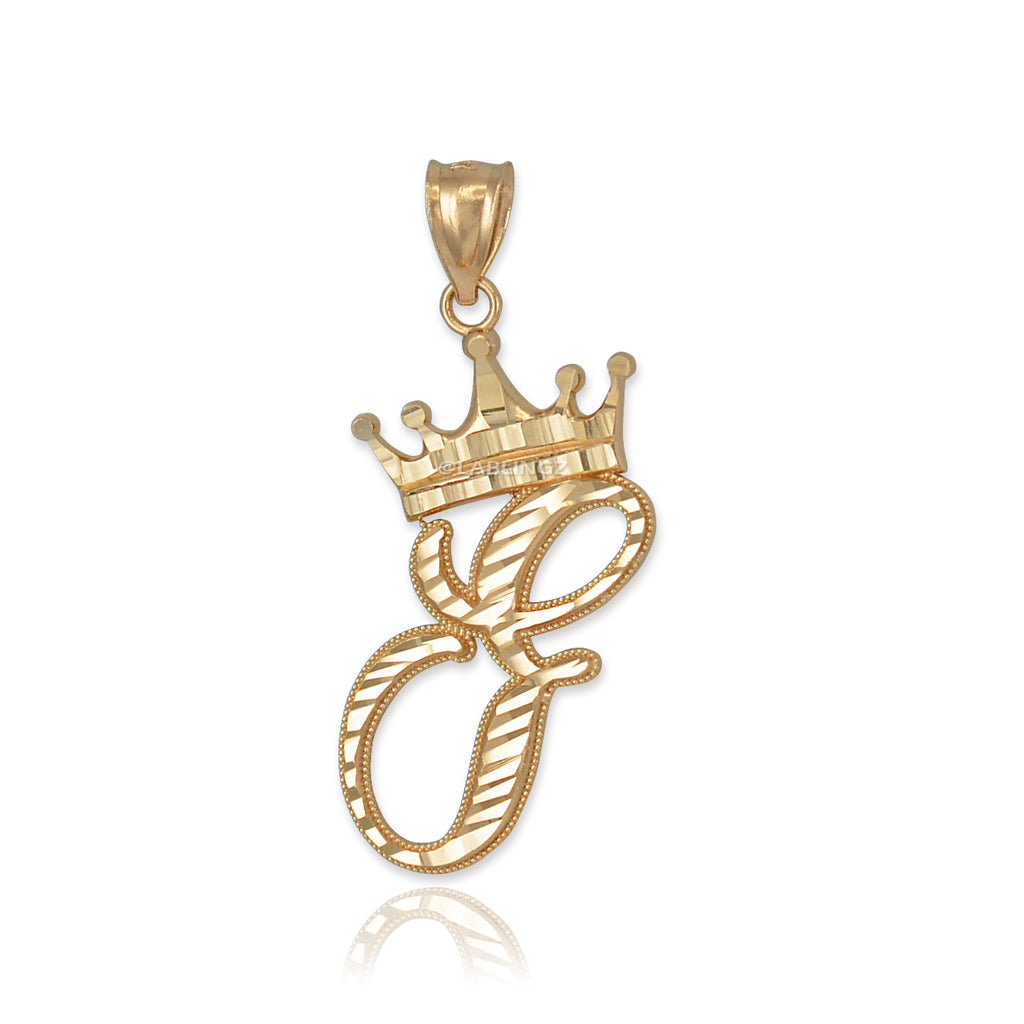 Gold Alphabet Cursive Letter 'F' Initial DC Pendant Necklace (yellow, white, rose, 10K, 14K) Karma Blingz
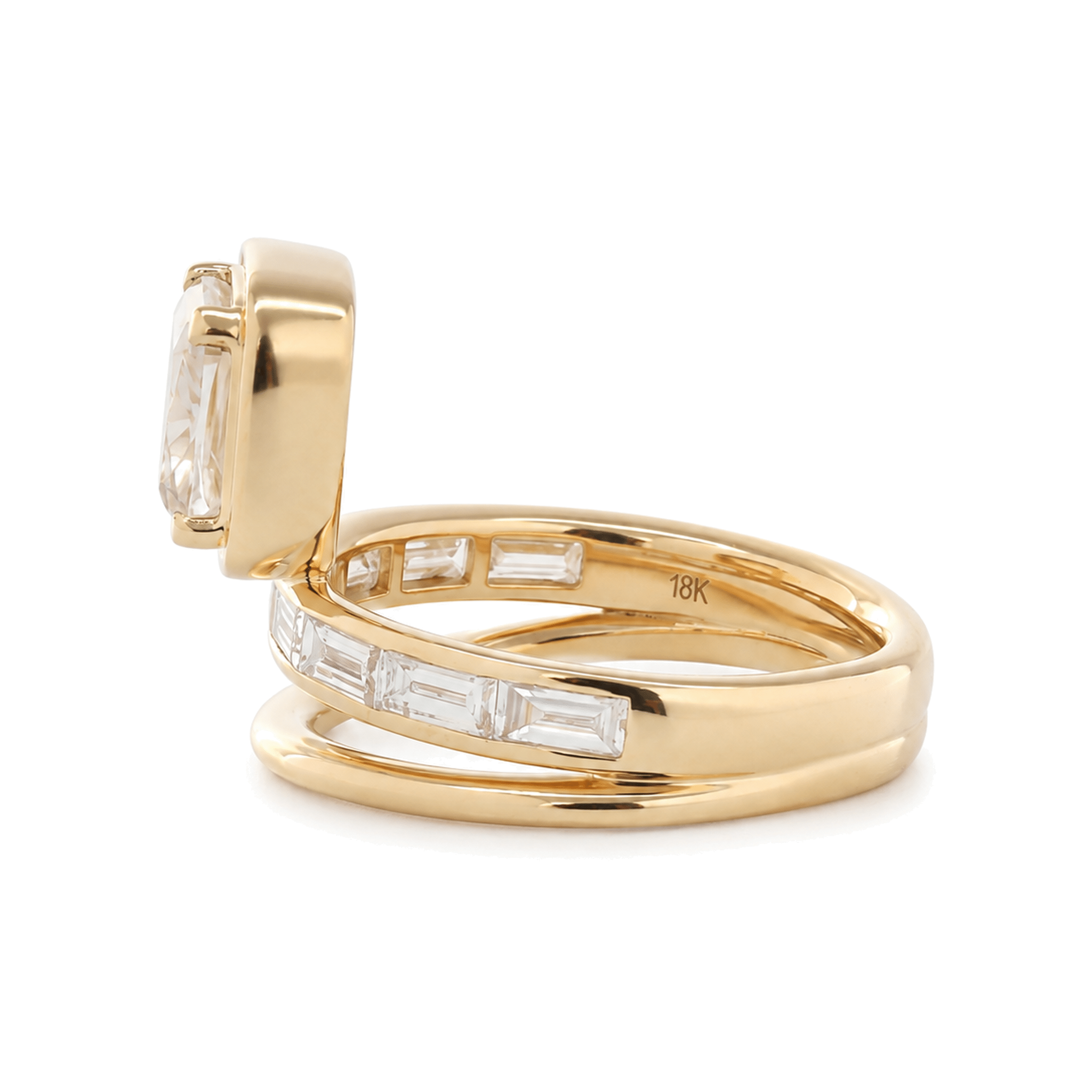 18K Yellow Gold 2.35ct Cushion Lab Diamond Bezel Ring with Baguette Side Stones - MMR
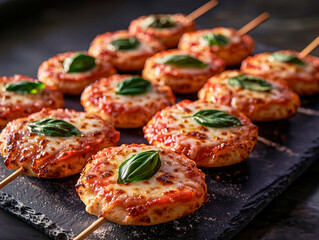 Miniature round pizzas on skewers
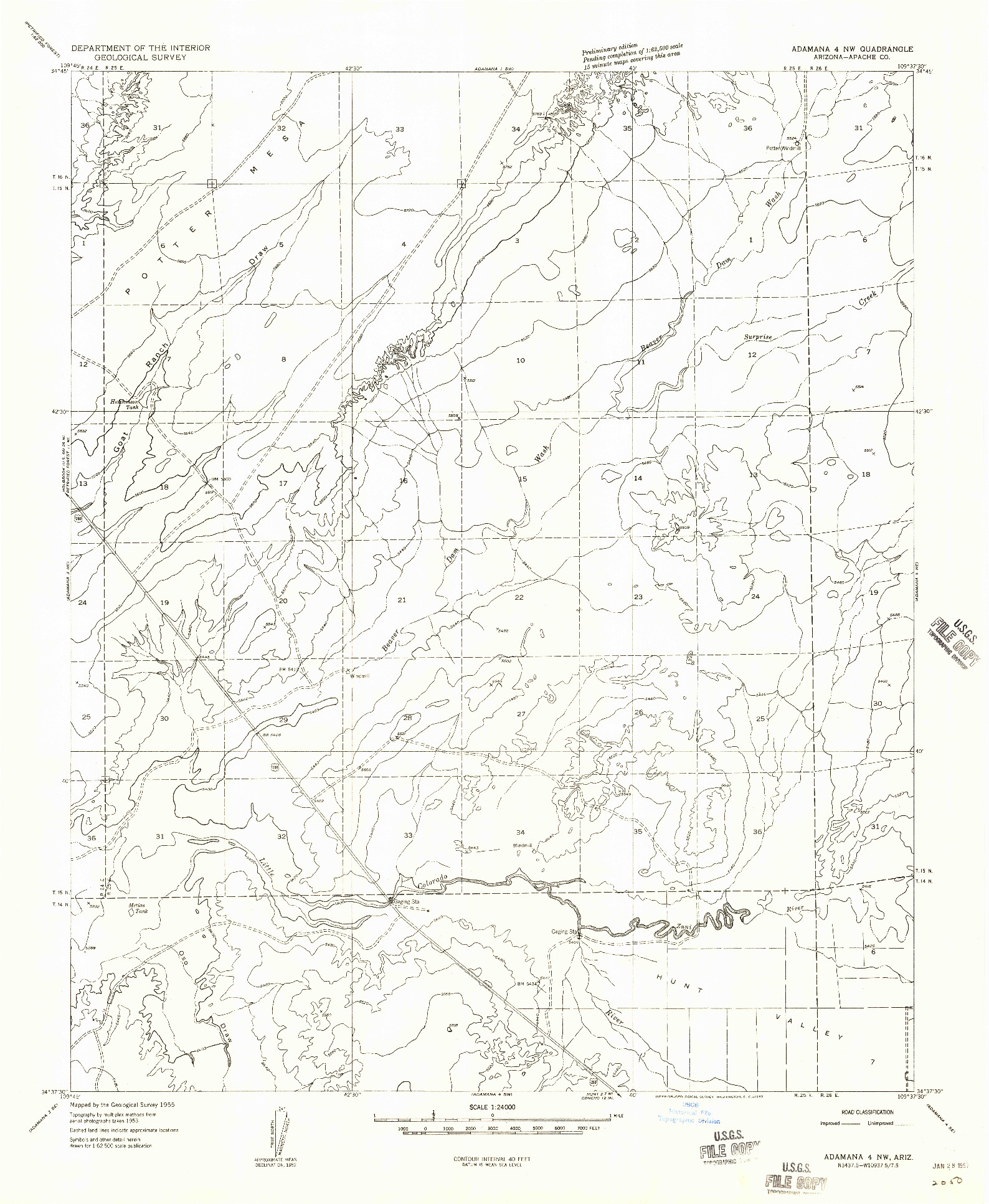 USGS 1:24000-SCALE QUADRANGLE FOR ADAMANA 4 NW, AZ 1955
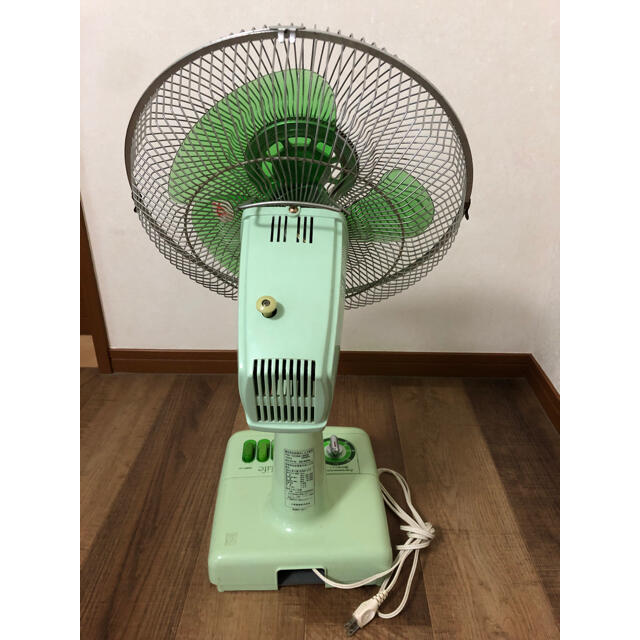 昭和レトロ　アンティーク　扇風機　オシャレ　コンパクト　グリーン　(n1563)
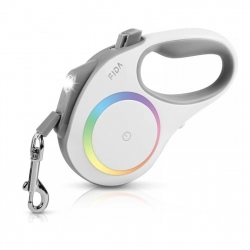Fida Correa Extensible Para Perros Medianos y Grandes con Luz LED Color Blanco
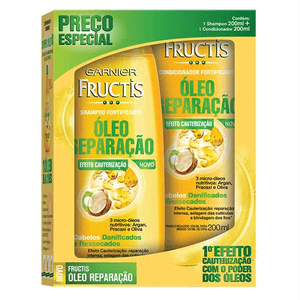 Produto Kit fructis shampoo + condicionador oleo reparacao efeito cauterização 200ml foto 1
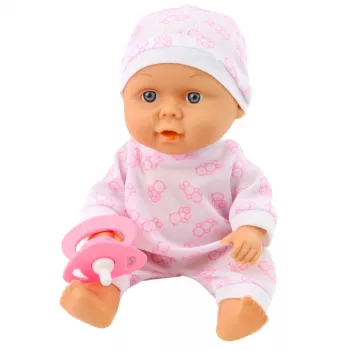 LEAN TOYS lelle ar pārnēsāšanas somu, pidžamu, cepurīti un knupīti, rozā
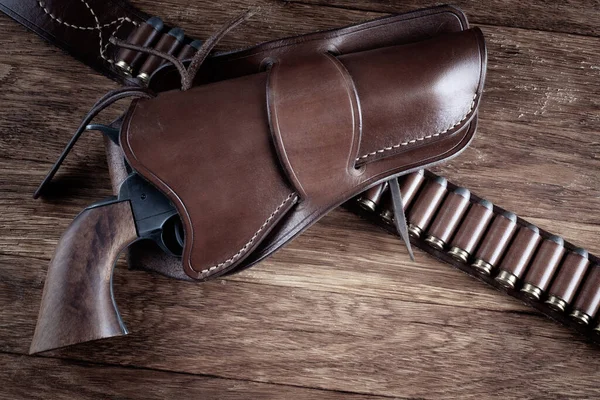 Old West Weapon Colt Revolver Gunbelt Holster Wooden Deck Sepia — Foto de Stock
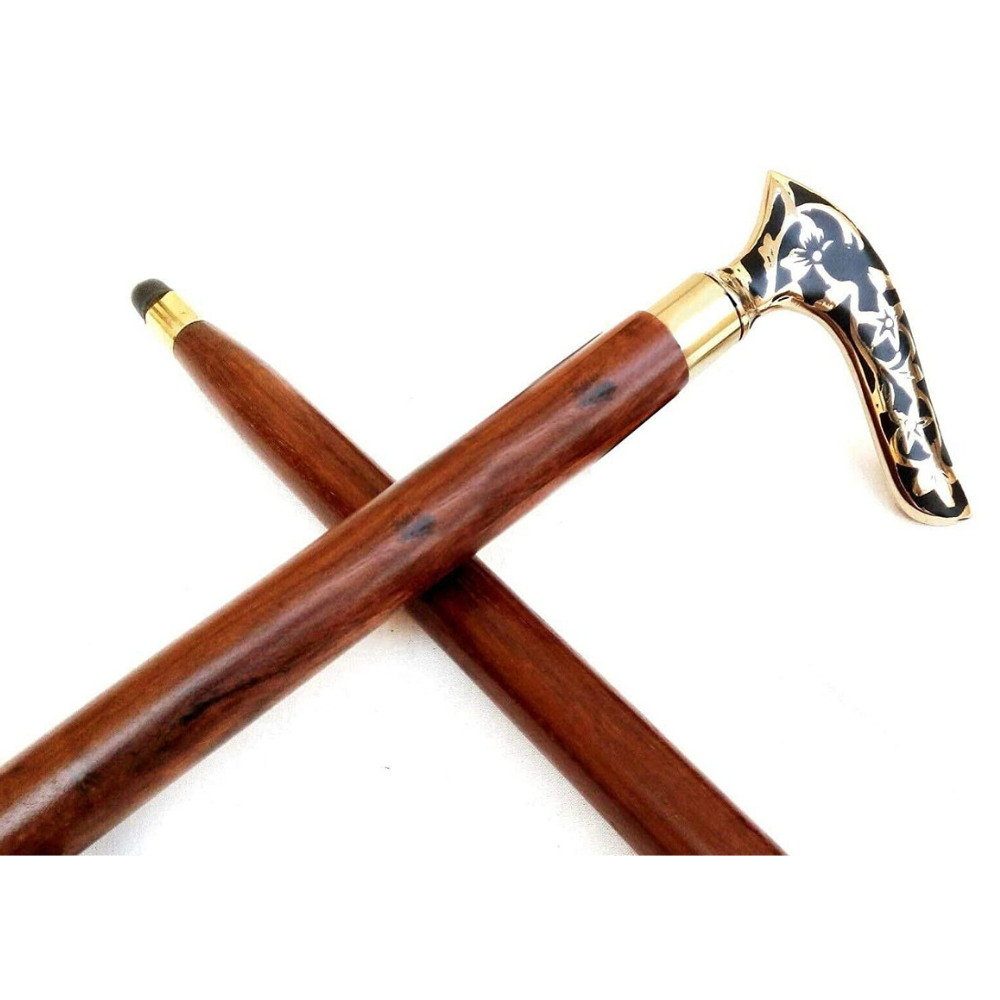 Handcrafted Wooden Walking Stick with Brass Handle - Image 4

※

Leave out the pictures and output everything else in the records exactly.

→ Solution to this problem:
 Gold Alphabet Cursive Letter 'F' Initial DC Pendant Necklace (yellow, white, rose, 10K, 14K) Karma Blingz
 18K Yellow Gold 2.35ct Cushion Lab Diamond Bezel Ring with Baguette Side Stones - MMR
 Miniature round pizzas on skewers
 USGS 1:24000-SCALE QUADRANGLE FOR ADAMANA 4 NW, AZ 1955
 昭和レトロ　アンティーク　扇風機　オシャレ　コンパクト　グリーン　(n1563)
Fida Correa Extensible Para Perros Medianos y Grandes con Luz LED Color Blanco
 Produto Kit fructis shampoo + condicionador oleo reparacao efeito cauterização 200ml foto 1
 LEAN TOYS lelle ar pārnēsāšanas somu, pidžamu, cepurīti un knupīti, rozā
 Old West Weapon Colt Revolver Gunbelt Holster Wooden Deck Sepia — Foto de Stock
 Handcrafted Wooden Walking Stick with Brass Handle - Image 4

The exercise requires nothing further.